I had some pretty harsh words for Pulaski in the reaction thread for MEG's recent review of this episode, but having recently finished all of Season Two, I have to soften my criticism a bit. She started out as a very ill-conceived attempt at cloning McCoy, but by the middle of the season, they had all but dropped those elements of the character, especially her pronounced bigotry against Data from the early episodes. It's interestingly-tight continuity for this sort of show that when they reveal that she avoids the transporter several episodes later, it's true that she hasn't used it since coming aboard. In this episode she takes a shuttle, and in "The Schzoid Man" she comes up with a justifiable excuse to send Dr. Selar on an away team in her place. (They created a guest character just to set up her transporter-phobia!)
As I covered recently in the MEG review thread, I've always liked this one's creepy atmosphere, but the writing and/or directing always seemed "off" somehow. Worf's written as Wolverine, the camera lingers on reaction shots of Data seemingly emoting for nobody else's benefit, and Pulaski's bigotry against Data is far more blatant than in other episodes.
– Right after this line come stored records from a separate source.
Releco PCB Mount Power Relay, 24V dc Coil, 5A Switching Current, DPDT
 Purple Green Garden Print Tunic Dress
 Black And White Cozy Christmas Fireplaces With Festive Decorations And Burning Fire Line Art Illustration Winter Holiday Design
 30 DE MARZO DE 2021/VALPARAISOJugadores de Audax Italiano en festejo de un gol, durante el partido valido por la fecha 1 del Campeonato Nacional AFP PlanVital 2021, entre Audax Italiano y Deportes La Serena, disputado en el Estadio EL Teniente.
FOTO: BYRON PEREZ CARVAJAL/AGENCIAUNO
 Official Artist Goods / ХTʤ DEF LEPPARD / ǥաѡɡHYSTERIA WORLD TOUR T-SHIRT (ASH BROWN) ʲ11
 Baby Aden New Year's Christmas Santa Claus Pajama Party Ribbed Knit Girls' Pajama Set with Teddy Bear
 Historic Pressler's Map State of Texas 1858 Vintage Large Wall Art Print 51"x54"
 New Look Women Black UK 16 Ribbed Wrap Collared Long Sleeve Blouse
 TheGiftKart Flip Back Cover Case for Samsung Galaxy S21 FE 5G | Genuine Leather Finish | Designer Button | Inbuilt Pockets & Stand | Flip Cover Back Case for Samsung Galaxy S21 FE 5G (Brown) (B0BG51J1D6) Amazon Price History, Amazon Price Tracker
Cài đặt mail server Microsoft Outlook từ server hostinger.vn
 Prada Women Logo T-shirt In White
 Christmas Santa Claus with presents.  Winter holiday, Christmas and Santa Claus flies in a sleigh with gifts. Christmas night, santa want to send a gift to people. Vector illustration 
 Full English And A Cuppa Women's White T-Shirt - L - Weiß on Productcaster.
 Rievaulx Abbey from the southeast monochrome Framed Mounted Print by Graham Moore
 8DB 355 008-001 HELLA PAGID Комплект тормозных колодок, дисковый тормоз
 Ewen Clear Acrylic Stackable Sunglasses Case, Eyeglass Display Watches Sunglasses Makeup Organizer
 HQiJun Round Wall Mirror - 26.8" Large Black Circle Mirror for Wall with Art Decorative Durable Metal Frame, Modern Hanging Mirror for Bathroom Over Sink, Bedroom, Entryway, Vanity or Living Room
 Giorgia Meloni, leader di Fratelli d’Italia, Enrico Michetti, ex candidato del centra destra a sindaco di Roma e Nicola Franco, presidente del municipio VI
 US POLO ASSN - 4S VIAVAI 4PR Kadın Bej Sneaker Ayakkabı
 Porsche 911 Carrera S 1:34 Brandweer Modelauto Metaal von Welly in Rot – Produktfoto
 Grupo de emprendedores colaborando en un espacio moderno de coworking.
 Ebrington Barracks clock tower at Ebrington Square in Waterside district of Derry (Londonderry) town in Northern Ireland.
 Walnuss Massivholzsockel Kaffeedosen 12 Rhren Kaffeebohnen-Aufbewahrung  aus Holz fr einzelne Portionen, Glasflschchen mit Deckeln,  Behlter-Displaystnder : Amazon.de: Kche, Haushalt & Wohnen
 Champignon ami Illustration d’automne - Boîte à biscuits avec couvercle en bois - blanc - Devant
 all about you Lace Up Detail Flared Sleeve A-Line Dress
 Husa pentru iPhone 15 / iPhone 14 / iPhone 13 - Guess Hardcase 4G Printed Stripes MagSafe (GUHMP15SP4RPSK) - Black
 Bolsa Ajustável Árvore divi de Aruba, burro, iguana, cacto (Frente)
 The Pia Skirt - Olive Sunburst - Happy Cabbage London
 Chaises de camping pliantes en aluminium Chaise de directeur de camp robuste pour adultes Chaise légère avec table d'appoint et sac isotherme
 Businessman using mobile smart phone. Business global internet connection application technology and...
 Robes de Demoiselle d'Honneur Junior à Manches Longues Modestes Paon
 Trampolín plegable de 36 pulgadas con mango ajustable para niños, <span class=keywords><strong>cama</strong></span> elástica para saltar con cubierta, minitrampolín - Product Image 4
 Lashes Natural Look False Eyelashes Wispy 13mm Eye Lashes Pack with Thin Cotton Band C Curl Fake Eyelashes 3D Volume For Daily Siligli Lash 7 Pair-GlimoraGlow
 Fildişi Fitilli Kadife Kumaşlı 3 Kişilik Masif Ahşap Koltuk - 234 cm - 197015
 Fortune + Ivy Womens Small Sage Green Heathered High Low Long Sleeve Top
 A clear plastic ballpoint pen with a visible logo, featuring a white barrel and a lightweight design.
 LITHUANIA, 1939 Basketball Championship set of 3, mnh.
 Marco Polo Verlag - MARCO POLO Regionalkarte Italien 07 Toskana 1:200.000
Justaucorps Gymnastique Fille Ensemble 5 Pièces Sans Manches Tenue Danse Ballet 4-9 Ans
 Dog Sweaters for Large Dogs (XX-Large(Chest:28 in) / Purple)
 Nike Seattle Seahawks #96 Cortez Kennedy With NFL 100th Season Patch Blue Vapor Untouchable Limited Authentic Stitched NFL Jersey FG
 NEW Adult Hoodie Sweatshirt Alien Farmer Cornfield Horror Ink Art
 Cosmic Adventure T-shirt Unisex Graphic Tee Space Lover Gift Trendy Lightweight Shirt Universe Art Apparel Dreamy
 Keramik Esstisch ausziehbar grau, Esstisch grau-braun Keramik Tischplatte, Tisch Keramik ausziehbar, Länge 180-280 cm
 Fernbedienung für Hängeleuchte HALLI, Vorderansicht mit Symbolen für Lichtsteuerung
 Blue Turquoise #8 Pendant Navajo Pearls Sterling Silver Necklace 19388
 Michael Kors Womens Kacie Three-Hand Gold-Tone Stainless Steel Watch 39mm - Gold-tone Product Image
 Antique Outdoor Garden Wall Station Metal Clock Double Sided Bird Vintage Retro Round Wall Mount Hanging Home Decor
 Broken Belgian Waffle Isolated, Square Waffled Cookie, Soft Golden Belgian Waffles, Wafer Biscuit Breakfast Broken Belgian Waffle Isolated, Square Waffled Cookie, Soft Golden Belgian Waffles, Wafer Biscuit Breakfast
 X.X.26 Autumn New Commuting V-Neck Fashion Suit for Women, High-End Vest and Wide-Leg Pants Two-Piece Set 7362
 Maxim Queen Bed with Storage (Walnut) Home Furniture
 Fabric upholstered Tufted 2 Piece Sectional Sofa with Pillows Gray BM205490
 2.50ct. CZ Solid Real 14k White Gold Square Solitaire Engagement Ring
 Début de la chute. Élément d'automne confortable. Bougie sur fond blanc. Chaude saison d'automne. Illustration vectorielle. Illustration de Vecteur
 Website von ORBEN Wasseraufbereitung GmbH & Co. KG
In fact, I only describe it as bigotry because of her behavior in this episode--take away the scenes in which she refers to him as "it" like he's not there, and all of her other scenes with Data might come off as relatively good-natured honest skepticism.
The stand-out moment in this episode of a good sort is Picard's vocalization of his beliefs in his quarters. IMO, it's actually ruined when we learn that Data and Troi aren't really there. However, the set-up for this scene is one of those moments that made Picard seem weak in the first couple of seasons. Here he's ordered 1000 people under his command to die, and how does the captain choose to spend his last 20 minutes? He goes back to his quarters to kick back to some classical music and a good book. Riker, by contrast, apparently stays on the bridge, setting an example. One has to wonder how Picard ever recovered in Worf's eyes, considering the value that Klingons put on dying at their posts.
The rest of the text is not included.